Petrol kokulu, -her şeyin ıslak bir karanlığa bulandığı yerdi. Bu küçük mezarlıkta, ağzından dumanlar çıkaran makineler bir insanı andırıyordu.
Evet burası Kazan Dairesi.
Makine bile uyukluyor
Mühürlü atelyeler hastalıklı demir dolu
Ücretler kapalı perdeler altında saklanıyor
İşçilerin kalplerinin dibine gömdüğü aşk gibi
İfade etmeye zaman yok, tutku tozun içinde dağılıyor
Demirden dökülmüş mideleri var
Koyu asit dolu, sülfürik ve nitrik
Sanayi gözyaşlarını yakalıyor dökülme şansı bulamadan
Zaman akıp gidiyor, başları sisin içinde kaybolmuş
Üretim çıktıları yaşamlarını eziyor, acı gece gündüz fazla mesai yapıyor
Yaşamlarında, vaktinden önce bir sersemlemişlik
Makara deriyi yüzüyor
Ve şu şunun üstüne, alimunyum bileşimi sathında tabakalar
Bazıları hala dayanıyor, diğerlerini hastalık kaptı
Onlar arasında pinekliyorum, bekçiliğini yapıyorum
Gençliğinizin son mezarlığının. -Son Mezarlık; Xu Linzi-
‘Fabrikalar insan üretmeye başladığında şiir yazmayı bırakacağım’ dedi ve en ateşli şiirini yazdı bir grevin sabahında. İşte dedi: Sizin için ürettiklerimiz ve makinelerinizin ruhumuza yaptıkları… İşte kaderimizin ceplerinizdeki yansıması. Bunları söylerken kazan dairesinde bir vicdan patlaması oldu ve tüm tüm işçiler kendi cevherleriyle sarıldı ruhlarına.
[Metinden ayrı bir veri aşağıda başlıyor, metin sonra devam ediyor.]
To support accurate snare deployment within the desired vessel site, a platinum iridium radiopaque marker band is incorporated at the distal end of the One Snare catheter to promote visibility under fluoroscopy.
Ruh satılık değildi zaten para da etmiyordu zira bir muska gibi koruyordu organları.
Sesler… Makinelerin insana saldırmasıyla ilintilidir çoğu kez. Makine çalışır ve karanlık ona eşlik eder. Sesler… Hayatın sınanması ve bir işçinin gözyaşlarının ateşle dans etmesini betimler. Sonuç nereden bakarsanız bakın ölümdür. Ölüm ise seslerin fahişesi… Kazan dairesi ya da fabrika fark etmez hepsi acıya çıkan bir kestirme yoldur ve içinden geçilemez bir patika gibidir. Kazan dairesi ölüm saçan bir makinedir, ateşin yoldaşlığında ısınırken, aklınıza, soğuğu hissetmeyen çıplak bedenleri düşürür. Evet, beter bir kabustur bu. Tenin yabancılaştığı, aynasız bir odadır.
Evet, bir kazan dairesi, ruhun tüm tutsaklığına rağmen, organların özgürleştiği nadir yerlerdendir.
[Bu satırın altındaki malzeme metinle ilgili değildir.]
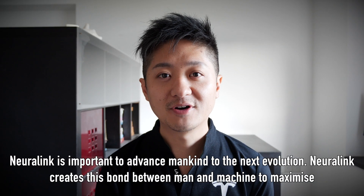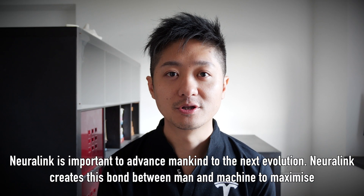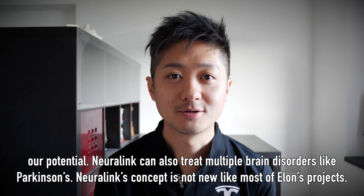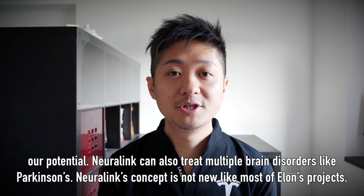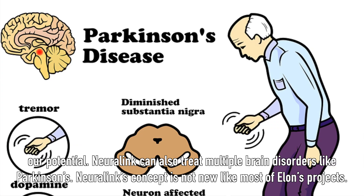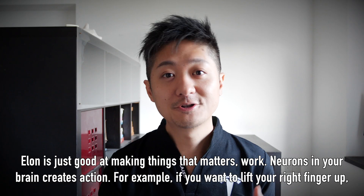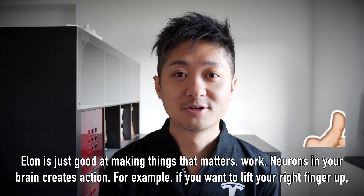Neuralink is important to advance mankind to the next evolution. It creates this bond between man and machine to maximize our potential. Neuralink can also treat multiple brain disorders — an example is Parkinson's. Neuralink's concept is not new, just like most of Elon's projects. Elon is just good at making things that matter work.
O, bir yolculuğun diğer adıdır, ruhun donduğu, organların ateş attığı tek sığınaktır. Siz dışarıda onlar içeride. Hala kulaklarınız duymuyor mu, ruhun köz kıvamındaki yakarışlarını? Hala mı sıcak elleriniz, zihniniz, ciğerleriniz? Halbuki sizin için üşüyor ruhları ve uçuşuyor hayallerin külleri. Ama nafile kulaksız duymak, ruhsuz yaşamak ne mümkün!
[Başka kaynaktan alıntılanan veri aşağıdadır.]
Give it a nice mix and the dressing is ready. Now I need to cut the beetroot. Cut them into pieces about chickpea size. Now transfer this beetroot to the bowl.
Metal kokulu küçücük bir mabette yaşayanlar, sizlere sesleniyorum: Lütfen ölmeyin, karanlık zaten olabildiğince sıcakken siz soğuğu aman ha tatmayın. Belki ardınızdan sıralanır kürek kürek hayaller, sakın ha oradan çıkıp bizleri korkutmayın!